CUARTO.- Al parecer como motivo independiente, se impugna también la condena en costas, afirmando escuetamente que «Sólo cabría la condena en costas en cuanto a la falta de lesiones». Parece presuponerse que se estiman los motivos anteriores para solicitar que se impongan únicamente las costas por la falta de lesiones, por lo que faltando el presupuesto de la petición, ésta debe ser desestimada.

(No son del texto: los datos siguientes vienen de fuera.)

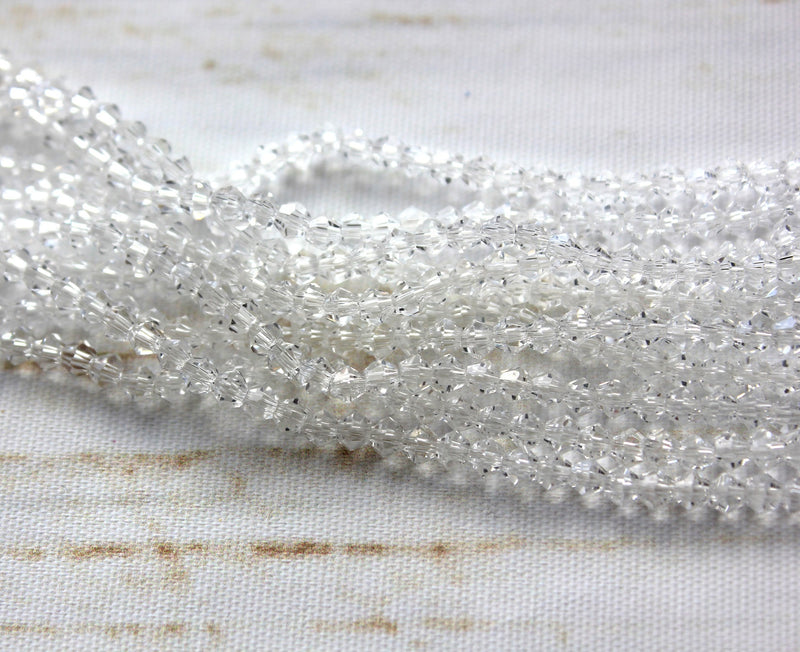 The Bead Store Crystal Clear 3mm Glass Bicones  110 Beads / String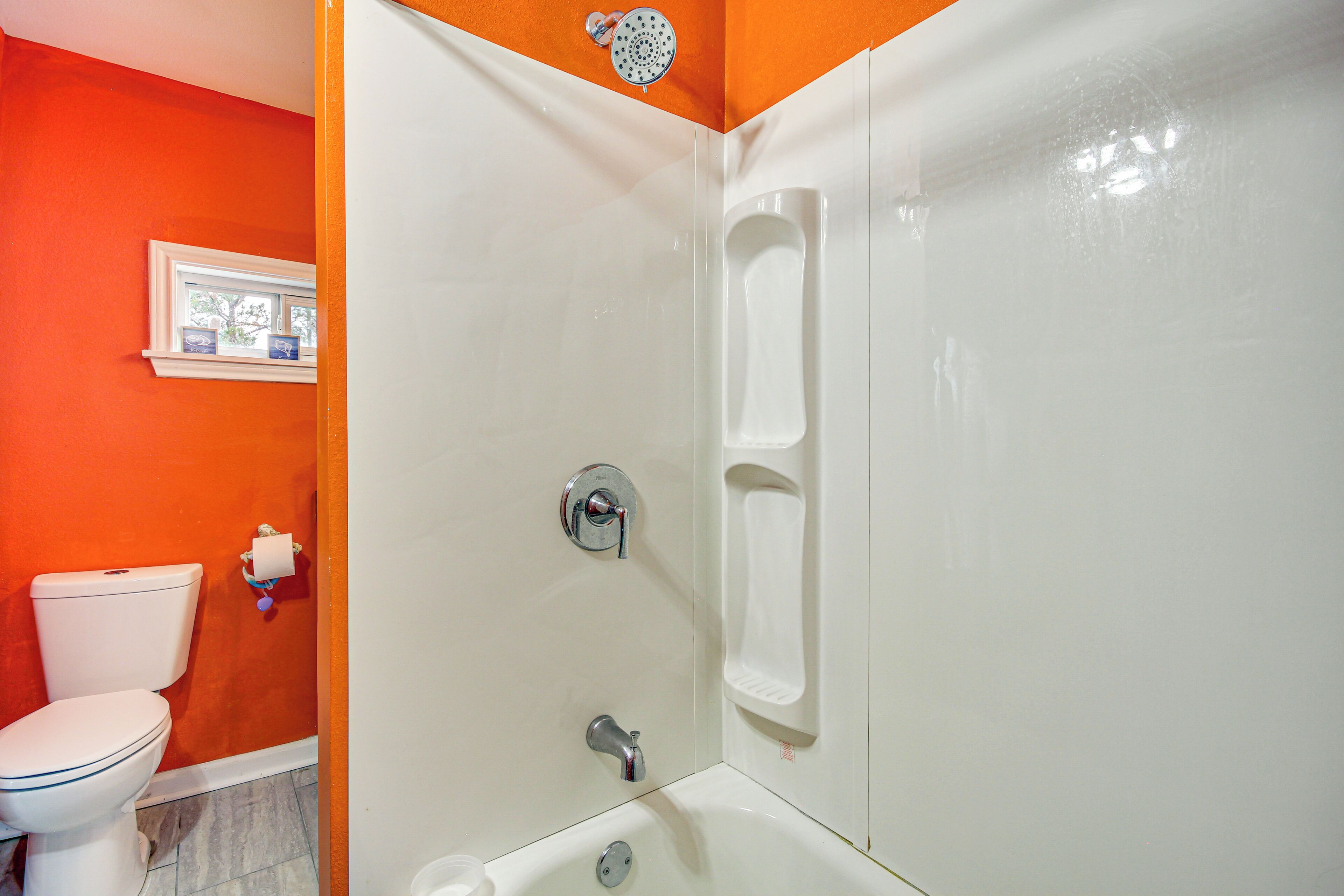 A bathroom with a white bathtub, a white toilet, and an orange wall.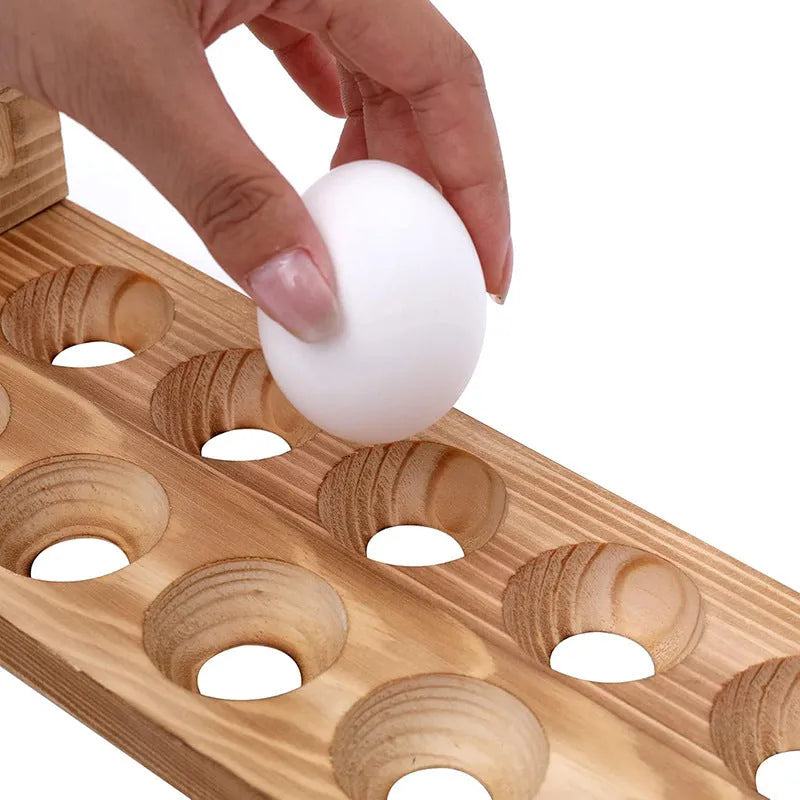 Solid wood egg storage rack in red Fire colour on a kitchen countertop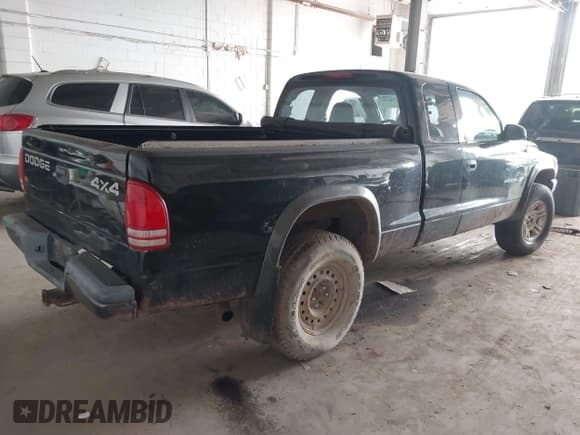 ✅ 2002 Dodge Dakota • VIN: 1B7GG12X12S702488 • Lot: 42346302. Listed on IAAI with 74,952 mi. Free auction sales archive from the USA and detailed vehicle history report at DreamBid. Image 4.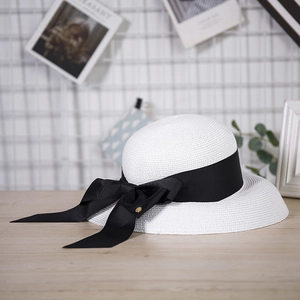 Elegant white straw hat with black grosgrain ribbon and golden buckle on wooden surface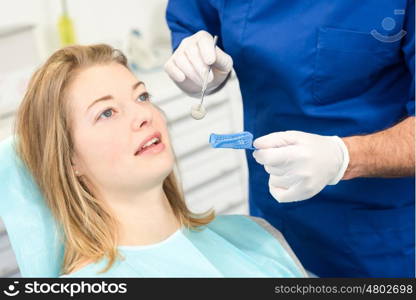 Blond woman at the dentist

QUINTO.- El último grupo de alegaciones se dedica a impugnar la absolución del Sr. Amador del delito de conducción temeraria del que era acusado por la acusación particular ejercida únicamente por el Sr. Ángel Jesús . Se estima acreditado que fue la conducción del Sr. Amador , al adelantar a Ángel Jesús casi rozando los coches, no habiendo sitio para realizar tal adelantamiento, la que produjo el altercado, y que tal conducción fue totalmente incorrecta e integraba un delito de conducción temeraria. Por eso se produjo el enfado del Sr. Ángel Jesús , y así lo acredita también el testimonio de su esposa.

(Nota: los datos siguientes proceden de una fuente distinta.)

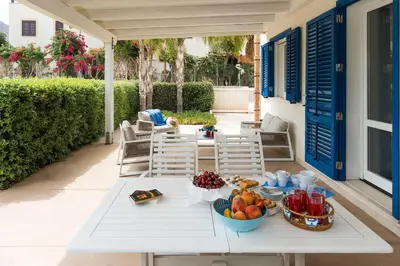 a table with bowls of fruit on a patio at Spuma di Mare - Riccio in San Vito lo Capo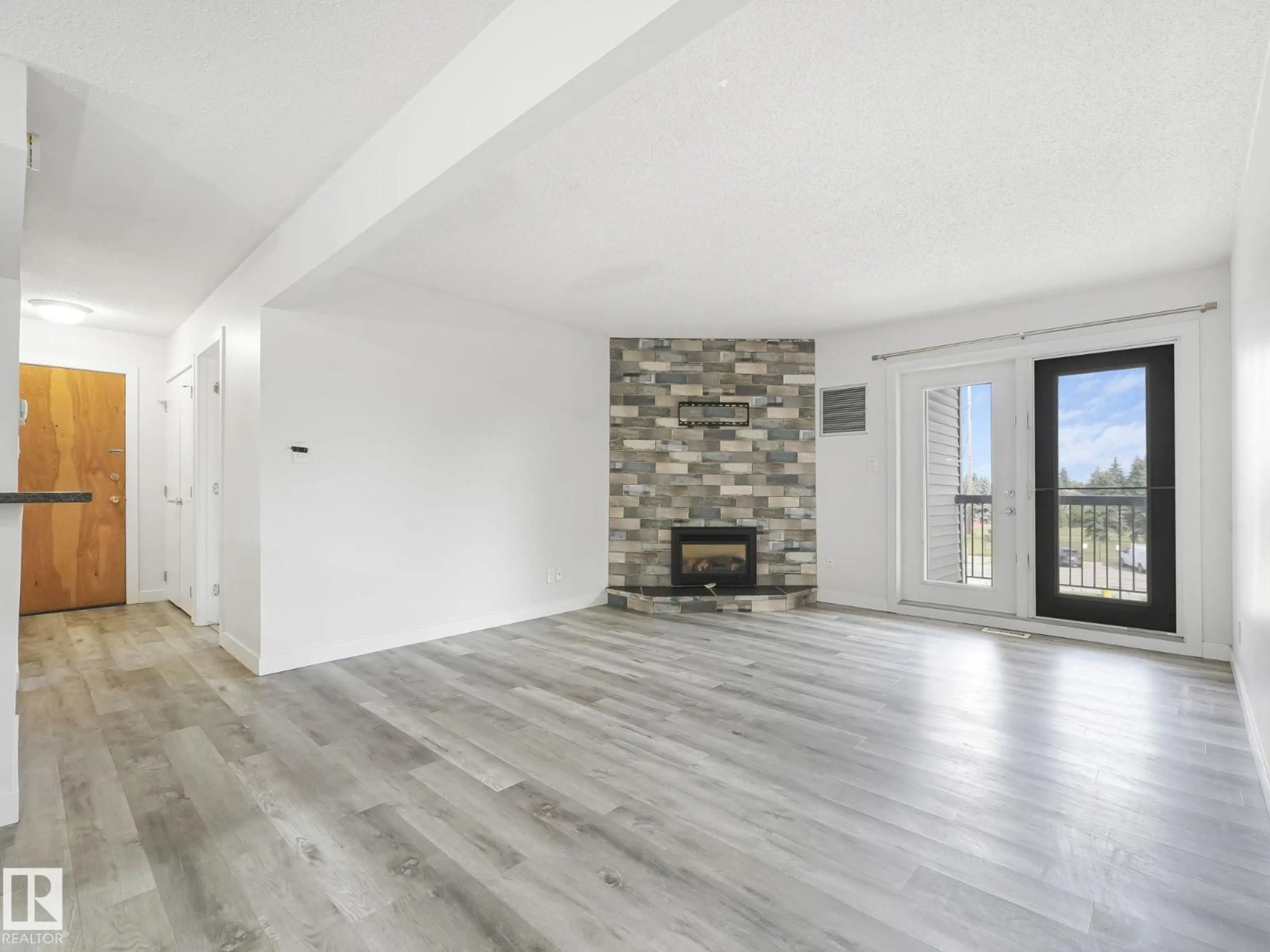 Living room with furniture, wood/laminate floor for #303 - 10528 29 AV, Edmonton Alberta T6J4J2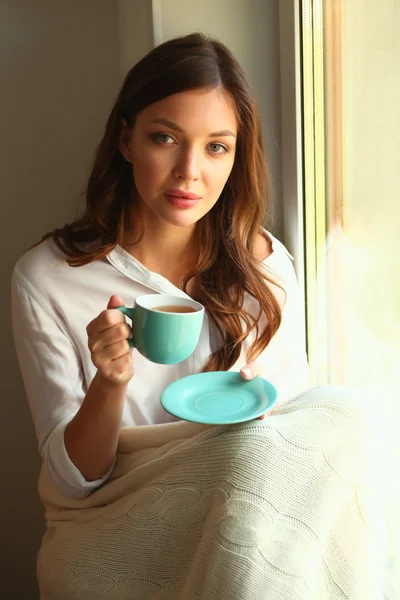 Jonge vrouw thuis zitten in de buurt van raam ontspannen in haar woonkamer lezen boek en het drinken van koffie of thee — Stockfoto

La existencia de una «conducción temeraria» no está acreditada de forma alguna, pues sólo existe un testimonio del Sr. Ángel Jesús y de su esposa, que además sirve para «justificar» la discusión posterior, sin que concurra ninguna corroboración objetiva de la existencia de la maniobra incorrecta que se alega. El hecho de que Amador manifestara en su denuncia que Ángel Jesús le espetó «¿Tú sabes lo que has hecho?», o de que Ángel Jesús declarara en su denuncia que le dijo a Amador «¿Qué cojones te pasa a ti?», no demuestra absolutamente nada, más allá de la existencia de una discusión entre conductores derivada de una maniobra más o menos acertada, según la consideración puramente subjetiva (pues nada hay objetivo que lo corrobore) de uno de ellos. La única maniobra incorrecta que sí está acreditada es la del Sr. Ángel Jesús al adelantar a Amador y cruzar el coche en su camino, para obligarle a parar. Lo que resulta inaceptable es considerar que por el puro hecho de existir una discusión entre conductores deba derivarse que se ha cometido previamente un delito de conducción temeraria por uno de ellos.

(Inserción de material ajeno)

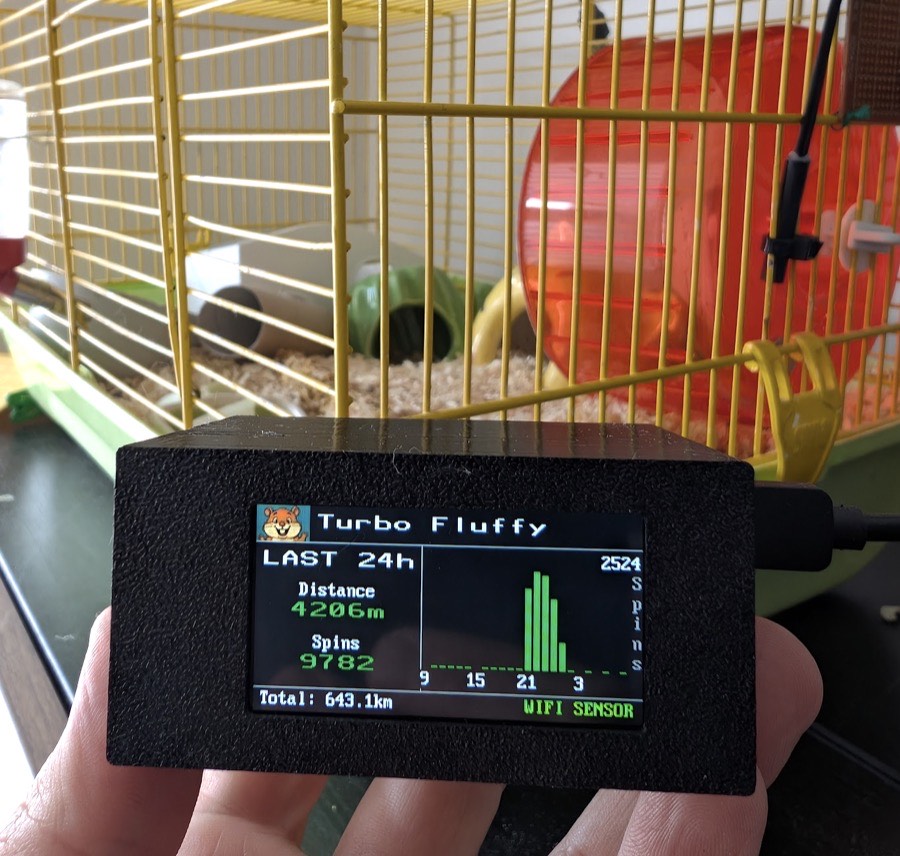 The Collidera sensor and display fitted to a hamster wheel beside the cage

SEXTO.- El recurso interpuesto debe por todo ello ser desestimado en su integridad, con imposición de las costas del mismo a la parte apelante (art. 901 LECr por analogía).

Vistos los artículos citados y demás de general y pertinente aplicación,

Fallo

Que desestimando el recurso de apelación al que el presente rollo se contrae, interpuesto por el Procurador D. Santos Julio Laspiur García, en nombre y representación de D. Ángel Jesús , contra la Sentencia de fecha doce de abril de 2010 dictada por el Juzgado de lo Penal de Pamplona/Iruña nº 5 en Juicio abreviado nº 117/2010 , debemos confirmar y confirmamos la citada resolución, con imposición de las costas de esta instancia a la parte apelante.

Esta Sentencia es firme, y contra ella no cabe recurso alguno.

Así por esta nuestra Sentencia, lo pronunciamos, mandamos y firmamos.